PARIS — L’Oréal maintained its first-half momentum with a 14.6 percent increase in third-quarter sales on the strength of its consumer products unit and growth in new markets.

“Q3 was a good quarter,” chief executive officer Jean-Paul Agon said during a Thursday conference call with analysts. “Growth was strong across the board in all regions and categories.”

The rise was mainly due to market share gains. “If your market is flat, the only way to grow is to grow market share,” Agon explained.

He declined to give predictions for the all-important fourth quarter. “We hope it will be better than last year,” he said.

Agon confirmed the company’s full-year expectations of like-for-like growth in the region of 3 to 4 percent.

Third-quarter sales rose to 4.85 billion euros, or $6.25 billion at average exchange, for the period ended Sept. 30. On a like-for-like basis, turnover grew 5.8 percent over the prior-year period. The effect of exchange rates over the period was 8.3 percent.

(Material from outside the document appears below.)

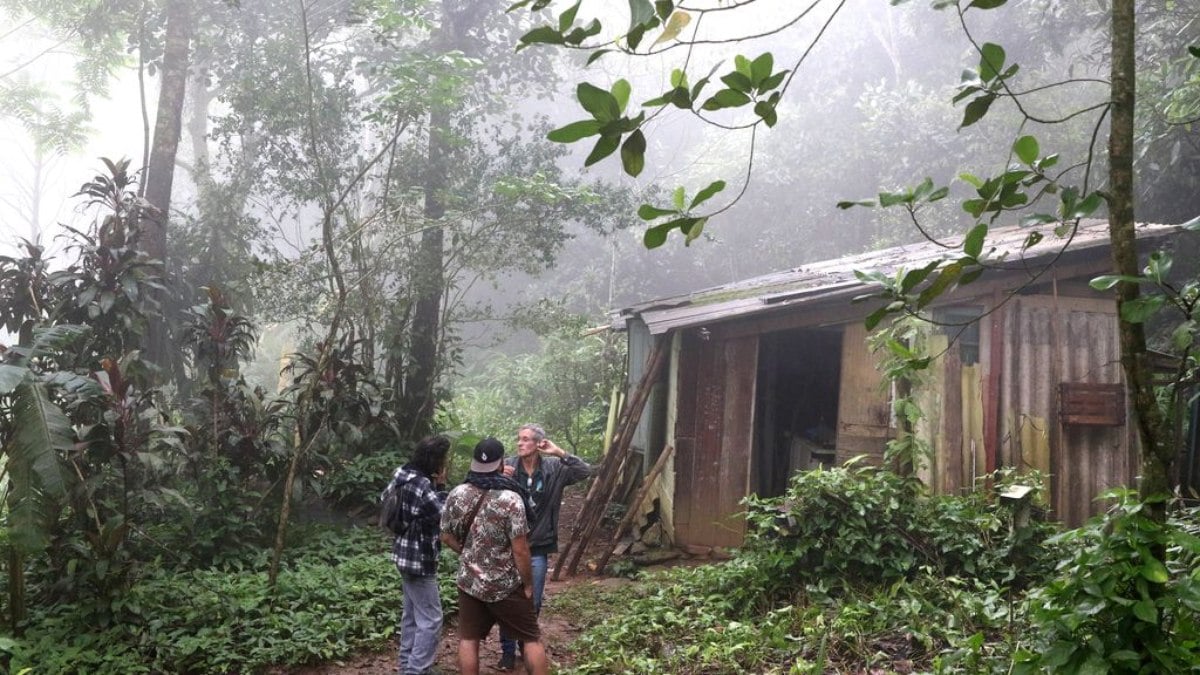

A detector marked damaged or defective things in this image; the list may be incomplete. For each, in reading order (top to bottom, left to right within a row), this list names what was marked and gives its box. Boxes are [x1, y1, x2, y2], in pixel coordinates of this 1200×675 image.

rusty metal wall [1000, 296, 1136, 528]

Particularly in the consumer goods division, market share gains contributed to much of the 15.1 percent growth reported. “Maybelline is really flying, with market share gains in North America and Europe,” Agon said, revealing that the brand had seen growth of 12.6 percent this year so far.

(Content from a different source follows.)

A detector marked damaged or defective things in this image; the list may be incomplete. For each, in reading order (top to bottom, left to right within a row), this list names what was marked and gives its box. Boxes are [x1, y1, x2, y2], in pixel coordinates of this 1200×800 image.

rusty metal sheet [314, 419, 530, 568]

Overall sales for the consumer products division grew to 2.39 billion euros, or $3.08 billion.

Mass market hair care also did well, he said. Garnier sales — hair care and skin care combined — are up between 6 and 7 percent so far this year.

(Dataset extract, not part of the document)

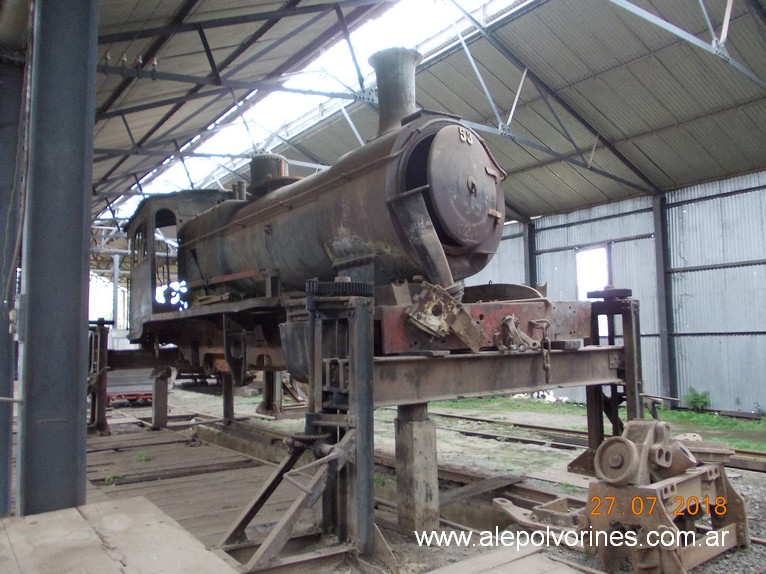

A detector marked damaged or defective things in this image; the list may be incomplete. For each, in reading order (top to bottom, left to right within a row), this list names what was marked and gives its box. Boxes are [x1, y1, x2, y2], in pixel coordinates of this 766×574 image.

rusted steam locomotive [126, 47, 512, 390]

Luxury products saw turnover up 12.6 percent to 1.14 billion euros, or $1.47 billion. “The evolution of sellout in luxury worldwide has been positive,” Agon revealed. “We are slightly ahead of the market, which is up around 5.6 percent, while we are at 6 percent [like-for-like]. We should, could and will do better, but we are not lagging.”

Sales for the professional products business increased the most, up 16.1 percent to 684.2 million euros, or $882.8 million. This was largely due to the continued rollout and growth of Inoa hair color.

Agon admitted that the thorn in the side of professional products was the U.S. “Salon traffic has not increased yet, but we are doing better than the market, especially thanks to Inoa.”

Active cosmetics saw revenues of 307.9 million euros, or $397.3 million, up 9.3 percent.

The Body Shop, calculated as a separate division, saw sales of 172.1 million euros, or $222 million, up 6.2 percent. On a like-for-like basis, revenues fell 0.6 percent. “We’re not satisfied, but through launches and new stores, we hope to improve it,” Agon said.

Broken down by region, in Western Europe, sales increased 2.6 percent to 1.72 billion euros, or $2.21 billion. North America saw turnover up 17.8 percent to 1.13 billion euros, or $1.46 billion, although in like-for-like terms, this represented lesser growth of 3.8 percent.

Sales in new markets grew 26.2 percent to 1.68 billion euros, or $2.17 billion. This included a 28.5 percent increase in Asia-Pacific and an 11.1 percent rise in Eastern Europe.

In Latin America, sales grew 35.9 percent. “Brazil is on fire, Mexico is back and Argentina is good. The market has rarely been so good,” Agon commented.

In Africa and the Middle East, revenues were up 25.5 percent.

Responding to a question about rumors that L’Oréal would buy direct-seller Avon, Agon said, “There are huge opportunities in our existing channels. This is not a direct answer, but you will understand.”

L’Oréal shares closed on the Paris Euronext stock exchange up 2.94 percent to 87.44 euros, or $121.31, Thursday, before the results were published.